Professor I. E. S. Edwards

Dear Sir:

“One of the first questions which occur to the mind of anyone looking at the ancient monument is its date. In the case of Egyptian monuments it is often difficult, and sometimes impossible, to answer the question in terms of years before the beginning of the Christian era, because our knowledge of Egyptian chronology, especially in the early periods, is still very incomplete. . . An exact chronology will not be possible until the discovery of material of a different and more precisely datable character than anything found hitherto.”

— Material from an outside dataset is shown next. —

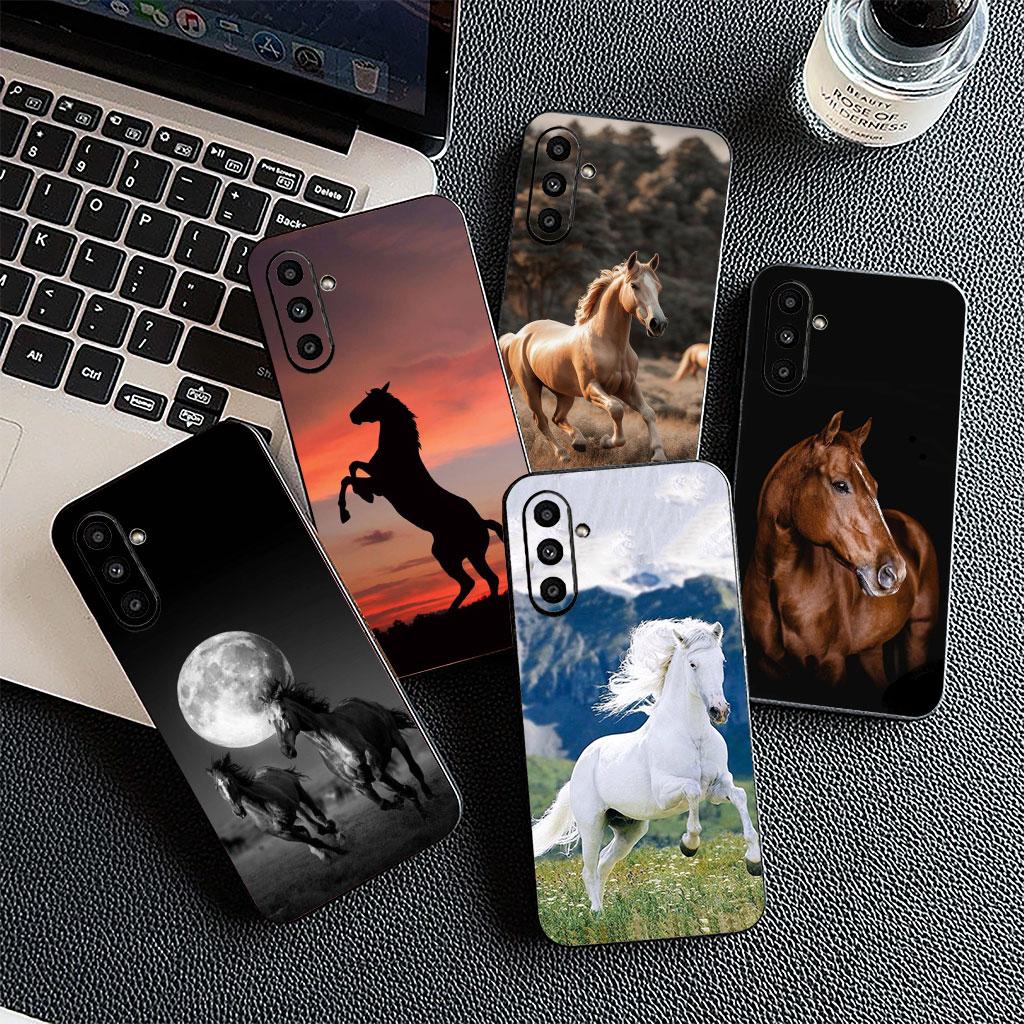 Чехол для телефона для Samsung Galaxy S25 S24 S23 FE Ultra Plus S7 Edge S25+ S23+ A56 5G Корпус Мягкий чехол Обои с бегущей дикой лошадью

When in 1947 you have written these lines and opened with them your book on The Pyramids of Egypt, the radiocarbon method of dating was not yet worked out. Since 1948, however, in twelve years very many samples of all kinds of origin and date were tested, but not a single one dating from between the end of the Middle Kingdom and the time of the Ptolemies, more than twelve hundred years, a period so long and important of a country so dominant in ancient history. Although the margin of error of the method makes it hardly suitable for finer datings, it could be of decisive value where the chronological problem involved is in excess of that margin of inexactitude.

Tombs near Tell el Yahudieh were assigned by LI. Griffith to the 12th century and by E. Naville of the same expedition to the Hellenistic age: the difference is of ca. 800 years or even more. Do you possess at the Museum anything from this excavation that could solve the problem?

Not only Egypt of 1680 to 332, but the entire Ancient East is left out of RC analysis and testing. At Carchemish, Sir Leonard Woolley was baffled by young objects in old tombs, six to seven centuries intervening. Also the Herald Wall is very differently dated by Woolley and Güterbock. Should not some organic object from the tombs of Carchemish be tested in RC count?

The British Museum must be especially interested to clear the name of A. S. Murray who was accused of ignorance (Enkomi) for finding Assyrian objects of the seventh century in tombs contemporaneous with the 13th century Egypt.

Why not to test by RC the old dispute between Dörpfeld and Furtwängler as to the relative age of the Geometric and the Mycenaean ware (Olympia)? Or the age of the temple in the megaron of the Tiryns palace-is it Greek or Mycenaean? Or to investigate the relative age of Gordion tumuli and of Hittite relics of the Empire period? I could enlarge the list by many other cases. (Ahiram’s tomb dated to 13th, 10th, and 7th centuries is one of such cases. Ivory of the 9th century [Samaria] and, presumably, of 14th century [tomb of Tutankhamun] , also of Nimrud and Megiddo is a very suitable material for tests).

Is not the find of a piece of wood from under Alisar III fortress wall that came out 800 years too recent (W. F. Libby, Radiocarbon Dating, 1952, pp. 71 and 102) by itself an invitation to undertake a survey of all debated and unsolved chronological problems where datings differ by centuries?

The problem of the so-called Dark Ages in the Near East, for five centuries following -1200 could be greatly illuminated, also the question of the true interval between the Mycenaean and the Greek Ages, and the Homeric question tied to it.

This morning the radio announced that W. I. Libby was awarded the Nobel prize in chemistry. With this letter I make one last effort to convey to you that problems of great importance and urgency should not be left undecided and waiting, their turn for the Carbon test till after the determination of dates of the earlier periods from a “wide area of the Middle East.” as you put it in your letter to me on September 16th.